Work required
Your response to the data below should hold nothing except the lines from the one containing "Танки едут под музыку" down to the one containing "2011 RENAULT KALEOS", reproduced exactly and without pictures.

Data for the task

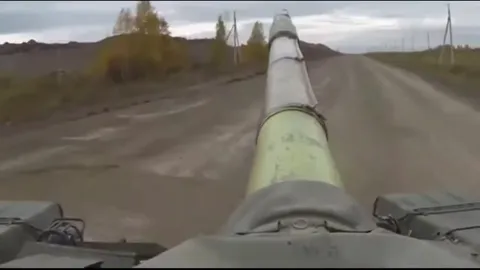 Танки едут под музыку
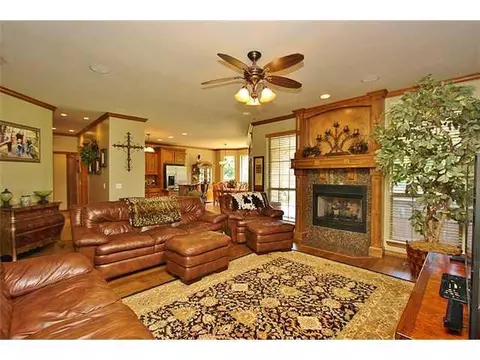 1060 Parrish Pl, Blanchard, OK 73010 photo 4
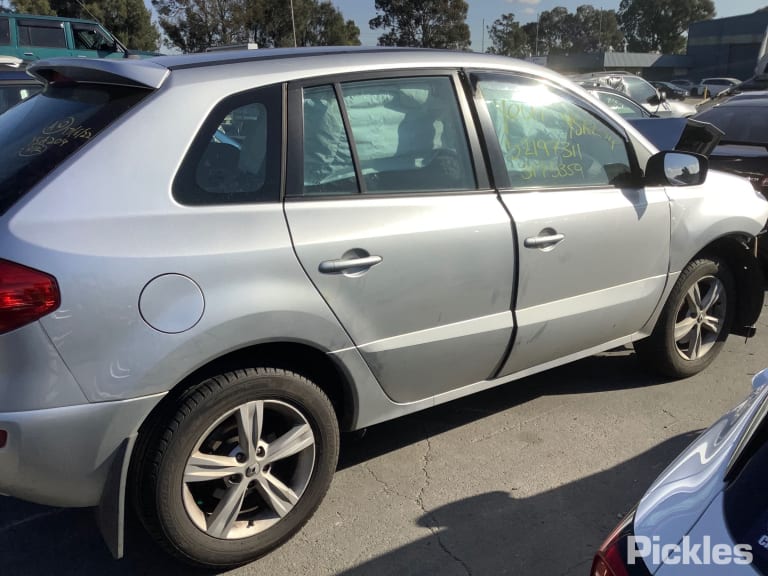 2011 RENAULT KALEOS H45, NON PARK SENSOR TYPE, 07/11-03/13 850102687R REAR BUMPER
* * *
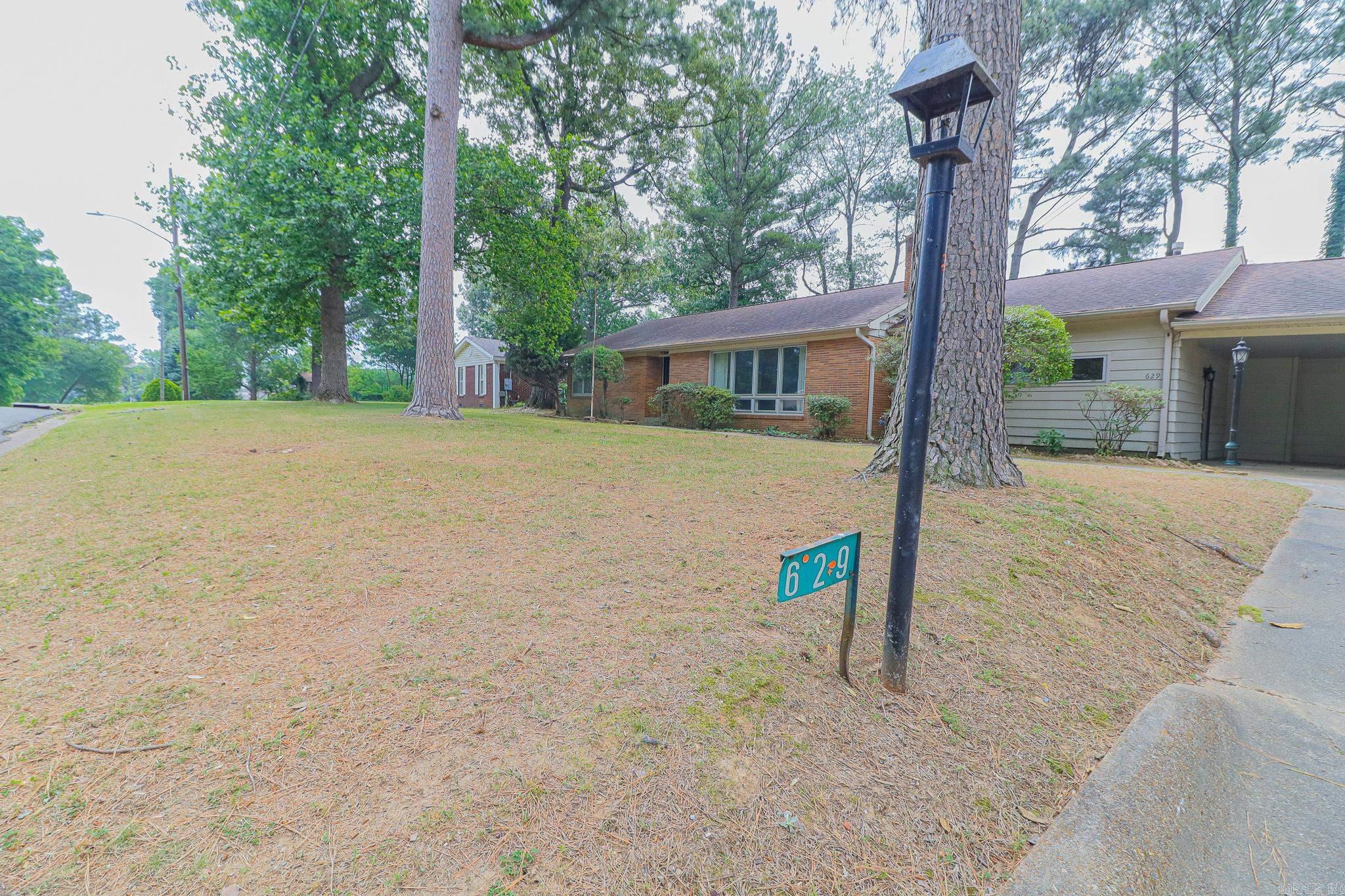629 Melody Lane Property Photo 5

Exercise output
 Танки едут под музыку
 1060 Parrish Pl, Blanchard, OK 73010 photo 4
 2011 RENAULT KALEOS H45, NON PARK SENSOR TYPE, 07/11-03/13 850102687R REAR BUMPER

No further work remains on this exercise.